# Santa Rosa Sound in Navarre



## testoner

I figured I would publish a report on the fishing in Navarre in Santa Rosa Sound. I live about a mile west of the Navarre bridge on the north side of the sound. I had about an hour of free time Monday afternoon about 3PM and decided to hit the water and wade fish for a little bit to see what was up. The bottom line, I didn't catch anything. However, things are starting to pickup.

The water is warm at least up to 3' (about my waist). The key is that I saw bait fish breaking the surface for the first time. That was the first for the year at least for me. I saw some glass minnows but wasn't able to tell what the majority of the stuff was that was out there. Trout were jumping and it was close enough to the fish breaking the surface to know they were feeding.
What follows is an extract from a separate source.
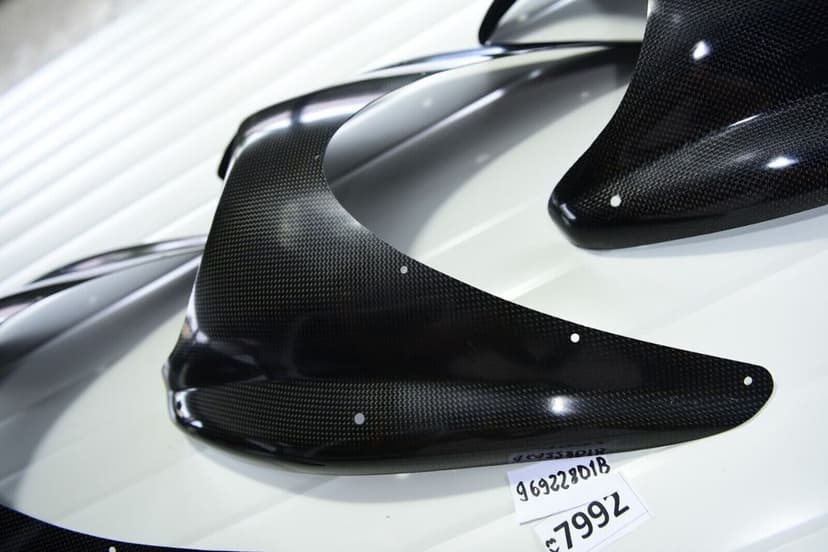 Carena Parbriz Carbon Performance Ducati Monster S4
I do know that they weren't interested in what I was throwing. 

Of note, the grass is growing in the shallower portions of the water near our dock. The stuff that is growing is growing fast. The patch right off of my dock is about 2-3" long after about a week. However, I haven't seen a lot of widespread growth yet in the deeper portions.

For those looking for mullet, they were around our dock in large numbers. The crabs are active and the rays are back in large numbers (both stingrays and cow faced rays).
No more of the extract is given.